Schon seit 1979 bereichert das Taranta Babu das Unionviertel mit seiner unvergleichlichen Mischung aus Buchhandlung, Treffpunkt, Café und Veranstaltungsort. Solidarische Nachbarschaft und Internationalität jenseits der Konsumtempel: Eine seltene Pflanze in den Wirren des 21. Jahrhunderts? Gelebte Utopie in einer Oase der Freigeister? Oder einfach ein Stück sanft institutionalisierte, globale Normalität? Ein Gespräch mit dem Initiator, dem „Gesicht“ des Taranta Babu, Hasan Sahin, über ein (nicht-)alltägliches Dortmunder Phänomen mit einem nahezu weltweit guten Ruf, das auch am Standort selbst immer wieder Grenzen überwinden hilft.

Ein Verein, ein Café, eine Buchhandlung, ein Treffpunkt – das Bild vom Phänomen Taranta Babu ist vielfältig wie der Ort selbst. Vielleicht beginnen wir am Anfang und erzählen, wie dieser Ort entstanden ist: Wie sah es in der Humboldtstr. 44 im Jahr 1979, also zu Beginn, aus, und welche Rolle spielte Deine Person bei dem, was sich dann entwickelte?

Hasan Sahin: Ich habe Taranta Babu nicht im geringsten allein entwickelt, das aber lässt sich am besten aus meiner Biographie heraus erläutern: Ich war dabei, als sich schon 1974 der erste Ausländerverein in NRW gründete. Diese Freunde aus Spanien, Griechenland, Portugal und Chile, die alle wegen politischer Aktivitäten ihre Heimatländer verlassen mussten, trafen sich hier vor Ort, was einerseits mit der „Gastarbeiter-Problematik“, andererseits aber auch mit einem Interesse an Welt- und Europapolitik zu tun hatte. „Integration“ und „Migration“, beides Worte eher aus den 90ern, waren also die Themen, denn wir waren überzeugt: „Gastarbeiter“ bleiben hier. Und weil unter uns viele Bücherfreunde und Pädagogen waren, die sich Gedanken über die kommenden Generationen gemacht haben, wurde mit Kinder- und Jugendliteratur angefangen. Denn wenn man Deutsch als zweite Muttersprache lernen will, sollte man die erste erst einmal gut beherrschen.
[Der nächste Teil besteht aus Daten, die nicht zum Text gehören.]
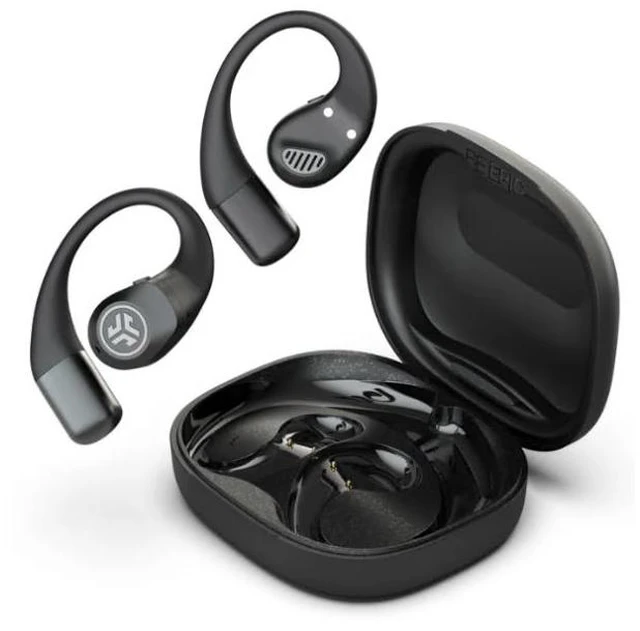 Main image of JLAB EPIC OPEN SPORT EARBUDS - BLACK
Und so hat sich aus der Idee heraus zunächst eine Buchhandlung manifestiert.

Wie verstehen wir den Namen des Ganzen in diesem Zusammenhang?

Hasan Sahin: „Taranta Babu“ ist der Name einer Person aus den „Menschenlandschaften“ von Nazim Hikmet und verweist auf die globalen Auseinandersetzungen, die sich u.a. in Äthiopien und Afghanistan abgespielt haben und abspielen.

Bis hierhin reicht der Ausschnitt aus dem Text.